Jan 30 2009
in which birmingham makes apostrophes cry
I admit it: I’m a grammar Nazi. I worked as the copy editor of UAA’s student-run campus paper, The Northern Light, for almost two full years, and I only quit because I was leaving for my semester in England. (I’d hoped I’d be able to get the job back when I returned, but no such luck.) Blatant grammatical errors kind of hurt my soul; every time I see “your welcome” or “book’s for sale” or what have you, I die a little inside. I’d sort of hoped I’d see less of this in England, since supposedly people are smarter over there (I mean, it’s hard to beat the US for lousy school results, but apparently either that isn’t true or “smarter” doesn’t translate into “actually paid attention in school when they were teaching grammar”).

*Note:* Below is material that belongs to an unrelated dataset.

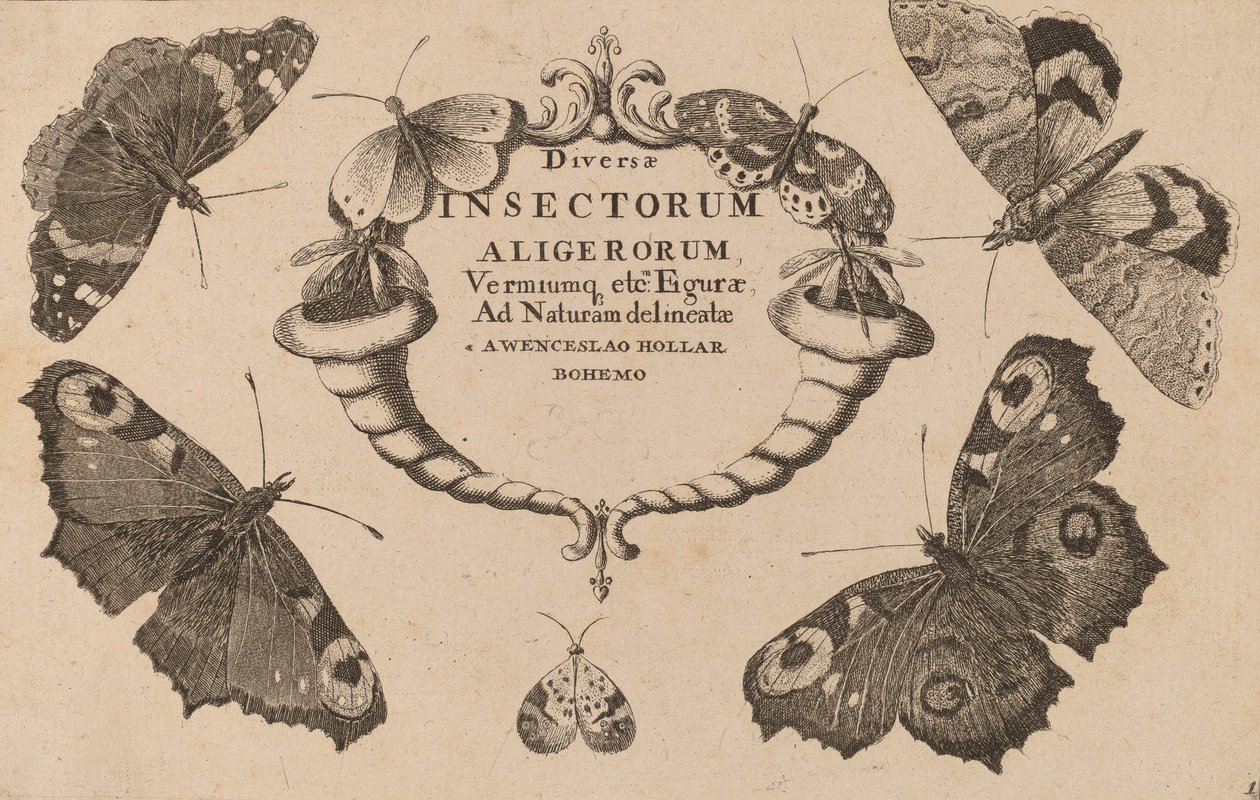 Folha de rosto. de Wenceslaus Hollar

Well, now England has apparently decided to make that official. The Associated Press reports that Birmingham, England’s second-largest city, has actually banned apostrophes from street signs.

Seriously? What did the poor little apostrophe ever do to you people? Apostrophes are wonderful little beings. Leave them out and you really don’t know whether something’s plural or possessive. (Okay okay, you might know from context, but sometimes you honestly can’t tell.) Learning to use them properly is not that difficult, and abusing them just because you’re too lazy to learn how they’re supposed to be used? Well, that’s just shameful.

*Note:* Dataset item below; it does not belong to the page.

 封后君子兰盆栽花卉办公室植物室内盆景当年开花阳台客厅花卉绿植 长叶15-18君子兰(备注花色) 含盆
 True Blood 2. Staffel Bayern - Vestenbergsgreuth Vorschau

The really stupid bit is how the decision was made:
It seems that Birmingham officials have been taking a hammer to grammar for years, quietly dropping apostrophes from street signs since the 1950s. Through the decades, residents have frequently launched spirited campaigns to restore the missing punctuation to signs denoting such places as “St. Pauls Square” or “Acocks Green.”
This week, the council made it official, saying it was banning the punctuation mark from signs in a bid to end the dispute once and for all.
Councilor Martin Mullaney, who heads the city’s transport scrutiny committee, said he decided to act after yet another interminable debate into whether “Kings Heath,” a Birmingham suburb, should be rewritten with an apostrophe.
“I had to make a final decision on this,” he said Friday. “We keep debating apostrophes in meetings and we have other things to do.”
Mullaney hopes to stop public campaigns to restore the apostrophe that would tell passers-by that “Kings Heath” was once owned by the monarchy.
“Apostrophes denote possessions that are no longer accurate, and are not needed,” he said. “More importantly, they confuse people. If I want to go to a restaurant, I don’t want to have an A-level (high school diploma) in English to find it.”
This seems…counterintuitive. To put it mildly. They’ve been dropping apostrophes for years for no discernible reason, and fellow sticklers have come together to protest this and campaign to get the humble apostrophe reinstated. We have no mention of giant crowds picketing to have apostrophes removed. So to end the debate, they didn’t decide to put all the apostrophes back where they belonged. They banned them wholesale.
This…does not compute.
And that last quote by Mullaney? Do I even have to comment on it? That…pretty much mocks itself, right there.